> **WHAT THE EXERCISE ASKS**
Search the records for the string "Toyota", and show each line where it appears.

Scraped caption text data
┌────────

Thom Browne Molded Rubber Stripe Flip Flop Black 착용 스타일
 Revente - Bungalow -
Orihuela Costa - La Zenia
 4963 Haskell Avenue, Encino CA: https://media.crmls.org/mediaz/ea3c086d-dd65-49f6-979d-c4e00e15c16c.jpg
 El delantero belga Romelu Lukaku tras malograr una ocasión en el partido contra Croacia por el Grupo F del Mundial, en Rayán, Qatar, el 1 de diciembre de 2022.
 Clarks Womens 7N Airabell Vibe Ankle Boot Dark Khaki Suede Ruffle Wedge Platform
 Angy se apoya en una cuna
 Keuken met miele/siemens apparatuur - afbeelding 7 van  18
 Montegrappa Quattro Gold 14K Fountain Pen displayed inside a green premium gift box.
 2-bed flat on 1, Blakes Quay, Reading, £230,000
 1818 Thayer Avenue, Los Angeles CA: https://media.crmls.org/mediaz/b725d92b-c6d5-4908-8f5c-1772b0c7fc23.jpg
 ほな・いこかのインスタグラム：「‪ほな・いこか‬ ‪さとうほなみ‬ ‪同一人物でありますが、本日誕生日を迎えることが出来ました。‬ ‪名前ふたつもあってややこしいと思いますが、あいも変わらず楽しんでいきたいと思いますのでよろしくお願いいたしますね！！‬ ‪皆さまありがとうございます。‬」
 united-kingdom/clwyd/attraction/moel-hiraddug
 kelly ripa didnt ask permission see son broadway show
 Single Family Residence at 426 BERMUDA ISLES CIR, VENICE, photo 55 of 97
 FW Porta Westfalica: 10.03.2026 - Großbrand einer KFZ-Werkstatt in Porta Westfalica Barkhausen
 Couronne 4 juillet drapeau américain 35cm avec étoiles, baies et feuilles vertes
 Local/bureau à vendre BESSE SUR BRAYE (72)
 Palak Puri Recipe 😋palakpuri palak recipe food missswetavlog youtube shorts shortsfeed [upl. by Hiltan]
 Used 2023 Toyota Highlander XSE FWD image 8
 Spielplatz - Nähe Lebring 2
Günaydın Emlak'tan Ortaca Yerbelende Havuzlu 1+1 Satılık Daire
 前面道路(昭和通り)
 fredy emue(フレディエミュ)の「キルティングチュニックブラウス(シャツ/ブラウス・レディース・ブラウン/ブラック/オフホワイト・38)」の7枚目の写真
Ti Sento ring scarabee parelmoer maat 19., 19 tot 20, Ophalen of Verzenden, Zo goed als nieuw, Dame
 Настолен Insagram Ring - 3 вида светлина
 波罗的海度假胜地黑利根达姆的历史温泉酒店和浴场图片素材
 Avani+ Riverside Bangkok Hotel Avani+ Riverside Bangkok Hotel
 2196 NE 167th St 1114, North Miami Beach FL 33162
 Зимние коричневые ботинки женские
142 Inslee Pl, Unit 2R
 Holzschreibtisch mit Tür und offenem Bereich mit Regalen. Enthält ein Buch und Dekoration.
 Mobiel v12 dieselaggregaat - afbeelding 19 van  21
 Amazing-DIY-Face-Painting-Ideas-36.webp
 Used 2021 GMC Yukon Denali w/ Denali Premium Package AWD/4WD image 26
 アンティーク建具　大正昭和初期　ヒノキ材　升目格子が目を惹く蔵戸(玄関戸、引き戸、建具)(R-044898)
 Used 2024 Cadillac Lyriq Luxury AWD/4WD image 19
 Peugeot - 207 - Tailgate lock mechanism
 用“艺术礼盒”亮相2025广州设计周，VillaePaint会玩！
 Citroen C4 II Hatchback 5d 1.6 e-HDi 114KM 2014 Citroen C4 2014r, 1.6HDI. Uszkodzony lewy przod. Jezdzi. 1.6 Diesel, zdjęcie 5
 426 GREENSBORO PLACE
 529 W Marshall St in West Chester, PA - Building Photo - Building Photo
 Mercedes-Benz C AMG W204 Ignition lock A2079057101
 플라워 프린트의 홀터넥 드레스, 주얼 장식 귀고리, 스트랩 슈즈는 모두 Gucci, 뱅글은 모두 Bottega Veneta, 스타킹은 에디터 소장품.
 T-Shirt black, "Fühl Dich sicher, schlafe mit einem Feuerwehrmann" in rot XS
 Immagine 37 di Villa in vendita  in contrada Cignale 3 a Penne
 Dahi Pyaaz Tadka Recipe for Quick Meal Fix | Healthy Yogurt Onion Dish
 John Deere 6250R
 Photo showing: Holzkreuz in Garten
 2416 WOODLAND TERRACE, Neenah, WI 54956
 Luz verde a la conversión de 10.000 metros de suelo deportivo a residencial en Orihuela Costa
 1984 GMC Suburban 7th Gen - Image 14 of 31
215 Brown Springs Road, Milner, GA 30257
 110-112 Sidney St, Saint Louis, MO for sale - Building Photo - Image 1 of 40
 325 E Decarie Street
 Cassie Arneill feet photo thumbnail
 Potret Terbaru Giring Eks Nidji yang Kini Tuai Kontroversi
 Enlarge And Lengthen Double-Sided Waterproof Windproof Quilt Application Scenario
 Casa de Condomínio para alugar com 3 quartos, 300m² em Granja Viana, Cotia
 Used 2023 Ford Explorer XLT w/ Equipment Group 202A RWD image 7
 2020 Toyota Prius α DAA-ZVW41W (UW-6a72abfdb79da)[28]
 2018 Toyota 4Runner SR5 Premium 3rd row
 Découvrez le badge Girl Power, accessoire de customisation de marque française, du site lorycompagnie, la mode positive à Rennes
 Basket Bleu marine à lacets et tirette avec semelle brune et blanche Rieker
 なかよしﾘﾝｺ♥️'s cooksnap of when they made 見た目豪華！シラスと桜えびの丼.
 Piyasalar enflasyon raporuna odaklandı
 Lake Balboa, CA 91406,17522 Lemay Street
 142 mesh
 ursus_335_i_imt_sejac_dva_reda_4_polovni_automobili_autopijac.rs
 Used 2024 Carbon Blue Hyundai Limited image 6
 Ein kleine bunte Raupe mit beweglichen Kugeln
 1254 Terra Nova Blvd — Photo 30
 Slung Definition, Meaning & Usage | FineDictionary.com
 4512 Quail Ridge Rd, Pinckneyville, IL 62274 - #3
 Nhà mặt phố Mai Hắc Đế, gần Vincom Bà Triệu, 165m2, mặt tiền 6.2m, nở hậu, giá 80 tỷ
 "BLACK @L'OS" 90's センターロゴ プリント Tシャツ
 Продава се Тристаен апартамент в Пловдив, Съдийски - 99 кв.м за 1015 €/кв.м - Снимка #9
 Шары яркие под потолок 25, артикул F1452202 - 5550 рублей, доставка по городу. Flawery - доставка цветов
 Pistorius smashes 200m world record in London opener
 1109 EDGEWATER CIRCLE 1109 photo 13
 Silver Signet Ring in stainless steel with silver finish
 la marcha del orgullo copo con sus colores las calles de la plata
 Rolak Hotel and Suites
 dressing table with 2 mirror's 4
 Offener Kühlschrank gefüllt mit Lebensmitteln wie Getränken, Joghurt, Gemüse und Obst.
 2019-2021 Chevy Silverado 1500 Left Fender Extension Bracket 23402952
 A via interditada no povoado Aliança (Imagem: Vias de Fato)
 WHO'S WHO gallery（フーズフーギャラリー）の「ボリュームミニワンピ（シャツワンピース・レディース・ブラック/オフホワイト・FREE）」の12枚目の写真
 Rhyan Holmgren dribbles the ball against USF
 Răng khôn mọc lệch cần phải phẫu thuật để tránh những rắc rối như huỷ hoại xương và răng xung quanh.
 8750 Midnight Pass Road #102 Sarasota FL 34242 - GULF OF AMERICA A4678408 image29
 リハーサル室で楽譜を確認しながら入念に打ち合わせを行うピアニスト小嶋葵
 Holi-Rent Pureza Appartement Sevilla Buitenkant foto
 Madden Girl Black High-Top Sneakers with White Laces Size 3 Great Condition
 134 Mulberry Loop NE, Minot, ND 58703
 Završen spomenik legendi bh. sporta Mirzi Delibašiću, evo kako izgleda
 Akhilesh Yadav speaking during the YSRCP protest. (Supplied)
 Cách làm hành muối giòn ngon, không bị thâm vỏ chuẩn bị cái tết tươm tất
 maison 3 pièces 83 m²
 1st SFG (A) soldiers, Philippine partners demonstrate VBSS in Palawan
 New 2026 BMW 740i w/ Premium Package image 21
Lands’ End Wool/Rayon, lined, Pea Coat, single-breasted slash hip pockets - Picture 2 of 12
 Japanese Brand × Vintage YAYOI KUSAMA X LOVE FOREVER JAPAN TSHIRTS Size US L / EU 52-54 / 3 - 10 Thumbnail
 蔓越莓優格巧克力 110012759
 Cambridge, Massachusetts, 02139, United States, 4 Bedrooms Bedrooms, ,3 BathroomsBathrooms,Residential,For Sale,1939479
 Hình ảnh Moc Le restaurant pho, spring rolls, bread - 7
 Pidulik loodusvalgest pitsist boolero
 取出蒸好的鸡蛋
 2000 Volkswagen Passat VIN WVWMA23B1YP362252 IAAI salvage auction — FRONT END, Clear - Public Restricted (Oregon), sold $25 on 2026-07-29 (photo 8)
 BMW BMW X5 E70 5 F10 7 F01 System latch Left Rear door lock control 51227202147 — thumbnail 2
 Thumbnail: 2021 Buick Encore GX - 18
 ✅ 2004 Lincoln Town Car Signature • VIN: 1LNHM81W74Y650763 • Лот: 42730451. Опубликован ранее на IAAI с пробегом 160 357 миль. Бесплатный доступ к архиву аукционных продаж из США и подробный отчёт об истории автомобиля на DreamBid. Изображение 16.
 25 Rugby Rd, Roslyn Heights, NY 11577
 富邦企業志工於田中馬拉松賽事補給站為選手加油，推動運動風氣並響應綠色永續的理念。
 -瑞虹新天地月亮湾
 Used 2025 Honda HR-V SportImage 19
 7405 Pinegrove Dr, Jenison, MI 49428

└────────

> **RESULT OF THIS EXERCISE**
 Used 2023 Toyota Highlander XSE FWD image 8
 2020 Toyota Prius α DAA-ZVW41W (UW-6a72abfdb79da)[28]
 2018 Toyota 4Runner SR5 Premium 3rd row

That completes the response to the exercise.